He elaborated on this in his Leyden address (1920) and his essay "On the Ether" (1924), but his contemporaries were too pleased with the mathematical model of curved space-time to pay much attention to his thoughts on the reality of the vacuum (the ether).

#### JesseM

Einstein claimed in his book "Relativity: The Special and General Theory" that the speed of light in a vacuum is not a constant, but is variable.
Steve Carlip suggests in his article Is The Speed of Light Constant? that Einstein was just talking about the coordinate speed of light in some global coordinate system such as Schwarzschild coordinates, which does not contradict the fact that the speed of light in a locally inertial coordinate system is still always c, which is what modern physicists would mean when they say "the speed of light is constant" in GR.
Einstein went on to discover a more general theory of relativity which explained gravity in terms of curved spacetime, and he talked about the speed of light changing in this new theory. In the 1920 book "Relativity: the special and general theory" he wrote: . . . according to the general theory of relativity, the law of the constancy of the velocity of light in vacuo, which constitutes one of the two fundamental assumptions in the special theory of relativity [. . .] cannot claim any unlimited validity. A curvature of rays of light can only take place when the velocity of propagation of light varies with position. Since Einstein talks of velocity (a vector quantity: speed with direction) rather than speed alone, it is not clear that he meant the speed will change, but the reference to special relativity suggests that he did mean so. This interpretation is perfectly valid and makes good physical sense, but a more modern interpretation is that the speed of light is constant in general relativity.

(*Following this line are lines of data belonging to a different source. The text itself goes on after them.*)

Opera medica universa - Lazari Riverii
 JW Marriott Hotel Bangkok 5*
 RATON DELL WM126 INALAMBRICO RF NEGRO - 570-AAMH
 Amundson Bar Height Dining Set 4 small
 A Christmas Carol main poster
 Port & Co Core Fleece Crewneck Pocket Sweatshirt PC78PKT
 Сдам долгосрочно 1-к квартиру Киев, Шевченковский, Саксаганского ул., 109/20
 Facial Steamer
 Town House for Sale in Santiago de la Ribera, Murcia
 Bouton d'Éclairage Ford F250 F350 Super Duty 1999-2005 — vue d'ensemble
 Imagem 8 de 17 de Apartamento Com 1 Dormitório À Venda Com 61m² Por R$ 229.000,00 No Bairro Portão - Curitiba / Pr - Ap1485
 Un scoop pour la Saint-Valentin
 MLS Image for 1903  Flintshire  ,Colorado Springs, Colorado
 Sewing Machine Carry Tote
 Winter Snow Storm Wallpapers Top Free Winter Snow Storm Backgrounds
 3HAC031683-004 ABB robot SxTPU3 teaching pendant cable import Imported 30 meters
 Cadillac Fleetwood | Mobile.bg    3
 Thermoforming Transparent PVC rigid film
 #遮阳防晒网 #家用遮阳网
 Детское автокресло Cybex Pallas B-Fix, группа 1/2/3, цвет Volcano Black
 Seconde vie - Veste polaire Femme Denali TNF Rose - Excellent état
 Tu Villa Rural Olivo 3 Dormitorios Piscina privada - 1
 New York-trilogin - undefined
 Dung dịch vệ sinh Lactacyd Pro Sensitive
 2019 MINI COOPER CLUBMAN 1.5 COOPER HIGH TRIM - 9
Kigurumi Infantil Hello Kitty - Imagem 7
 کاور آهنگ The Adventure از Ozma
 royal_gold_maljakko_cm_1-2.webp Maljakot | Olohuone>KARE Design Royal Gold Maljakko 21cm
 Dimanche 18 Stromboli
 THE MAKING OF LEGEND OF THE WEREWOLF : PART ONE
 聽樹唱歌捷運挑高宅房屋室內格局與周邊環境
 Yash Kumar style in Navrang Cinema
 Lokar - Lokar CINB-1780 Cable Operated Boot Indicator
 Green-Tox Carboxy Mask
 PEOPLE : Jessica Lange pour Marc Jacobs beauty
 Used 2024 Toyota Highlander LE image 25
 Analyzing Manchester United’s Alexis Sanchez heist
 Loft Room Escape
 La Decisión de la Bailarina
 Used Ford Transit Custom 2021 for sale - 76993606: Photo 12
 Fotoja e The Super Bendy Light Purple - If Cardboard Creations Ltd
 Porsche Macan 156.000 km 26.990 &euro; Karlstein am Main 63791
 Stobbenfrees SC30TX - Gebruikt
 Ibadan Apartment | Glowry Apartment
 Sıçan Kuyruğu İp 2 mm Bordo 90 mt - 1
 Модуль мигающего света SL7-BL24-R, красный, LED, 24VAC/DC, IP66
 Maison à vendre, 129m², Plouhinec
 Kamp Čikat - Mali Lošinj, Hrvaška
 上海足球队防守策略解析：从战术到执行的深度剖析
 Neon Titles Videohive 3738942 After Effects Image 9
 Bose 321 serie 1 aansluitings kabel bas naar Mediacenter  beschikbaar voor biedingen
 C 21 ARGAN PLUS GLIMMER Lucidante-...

The problem here comes from the fact that speed is a coordinate-dependent quantity, and is therefore somewhat ambiguous. To determine speed (distance moved/time taken) you must first choose some standards of distance and time, and different choices can give different answers. This is already true in special relativity: if you measure the speed of light in an accelerating reference frame, the answer will, in general, differ from c.

In special relativity, the speed of light is constant when measured in any inertial frame. In general relativity, the appropriate generalisation is that the speed of light is constant in any freely falling reference frame (in a region small enough that tidal effects can be neglected). In this passage, Einstein is not talking about a freely falling frame, but rather about a frame at rest relative to a source of gravity. In such a frame, the speed of light can differ from c, basically because of the effect of gravity (spacetime curvature) on clocks and rulers.

If general relativity is correct, then the constancy of the speed of light in inertial frames is a tautology from the geometry of spacetime. The causal structure of the universe is determined by the geometry of "null vectors". Travelling at the speed c means following world-lines tangent to these null vectors. The use of c as a conversion between units of metres and seconds, as in the SI definition of the metre, is fully justified on theoretical grounds as well as practical terms, because c is not merely the speed of light, it is a fundamental feature of the geometry of spacetime.